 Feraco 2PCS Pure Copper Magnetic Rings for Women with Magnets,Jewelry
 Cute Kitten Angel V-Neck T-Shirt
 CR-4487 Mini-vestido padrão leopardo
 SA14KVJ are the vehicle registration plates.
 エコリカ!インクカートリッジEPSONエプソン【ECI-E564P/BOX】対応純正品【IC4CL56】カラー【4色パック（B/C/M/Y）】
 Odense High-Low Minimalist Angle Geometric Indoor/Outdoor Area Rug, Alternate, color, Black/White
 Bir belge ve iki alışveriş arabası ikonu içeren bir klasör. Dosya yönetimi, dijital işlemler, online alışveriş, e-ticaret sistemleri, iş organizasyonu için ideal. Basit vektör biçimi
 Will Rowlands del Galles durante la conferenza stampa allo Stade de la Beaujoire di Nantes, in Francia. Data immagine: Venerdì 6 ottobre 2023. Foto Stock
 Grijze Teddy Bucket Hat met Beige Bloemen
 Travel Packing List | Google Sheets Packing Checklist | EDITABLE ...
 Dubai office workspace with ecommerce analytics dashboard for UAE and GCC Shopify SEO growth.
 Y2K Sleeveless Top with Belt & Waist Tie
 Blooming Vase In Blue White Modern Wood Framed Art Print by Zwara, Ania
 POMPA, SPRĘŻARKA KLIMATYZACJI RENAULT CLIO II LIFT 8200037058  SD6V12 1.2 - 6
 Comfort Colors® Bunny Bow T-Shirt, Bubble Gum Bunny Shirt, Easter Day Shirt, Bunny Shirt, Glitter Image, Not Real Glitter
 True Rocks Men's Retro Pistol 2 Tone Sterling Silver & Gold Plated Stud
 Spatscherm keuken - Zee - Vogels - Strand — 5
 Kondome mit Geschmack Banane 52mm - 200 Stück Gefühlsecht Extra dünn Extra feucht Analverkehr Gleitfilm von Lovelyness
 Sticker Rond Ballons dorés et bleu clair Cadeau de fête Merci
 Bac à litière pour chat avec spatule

> **TASK BRIEF**: After locating the line that contains "CR-4487 Mini-vestido padrão leopardo", output it and the remaining lines of the material above, exactly as they read.

> **WRITTEN RESPONSE**:
 CR-4487 Mini-vestido padrão leopardo
 SA14KVJ are the vehicle registration plates.
 エコリカ!インクカートリッジEPSONエプソン【ECI-E564P/BOX】対応純正品【IC4CL56】カラー【4色パック（B/C/M/Y）】
 Odense High-Low Minimalist Angle Geometric Indoor/Outdoor Area Rug, Alternate, color, Black/White
 Bir belge ve iki alışveriş arabası ikonu içeren bir klasör. Dosya yönetimi, dijital işlemler, online alışveriş, e-ticaret sistemleri, iş organizasyonu için ideal. Basit vektör biçimi
 Will Rowlands del Galles durante la conferenza stampa allo Stade de la Beaujoire di Nantes, in Francia. Data immagine: Venerdì 6 ottobre 2023. Foto Stock
 Grijze Teddy Bucket Hat met Beige Bloemen
 Travel Packing List | Google Sheets Packing Checklist | EDITABLE ...
 Dubai office workspace with ecommerce analytics dashboard for UAE and GCC Shopify SEO growth.
 Y2K Sleeveless Top with Belt & Waist Tie
 Blooming Vase In Blue White Modern Wood Framed Art Print by Zwara, Ania
 POMPA, SPRĘŻARKA KLIMATYZACJI RENAULT CLIO II LIFT 8200037058  SD6V12 1.2 - 6
 Comfort Colors® Bunny Bow T-Shirt, Bubble Gum Bunny Shirt, Easter Day Shirt, Bunny Shirt, Glitter Image, Not Real Glitter
 True Rocks Men's Retro Pistol 2 Tone Sterling Silver & Gold Plated Stud
 Spatscherm keuken - Zee - Vogels - Strand — 5
 Kondome mit Geschmack Banane 52mm - 200 Stück Gefühlsecht Extra dünn Extra feucht Analverkehr Gleitfilm von Lovelyness
 Sticker Rond Ballons dorés et bleu clair Cadeau de fête Merci
 Bac à litière pour chat avec spatule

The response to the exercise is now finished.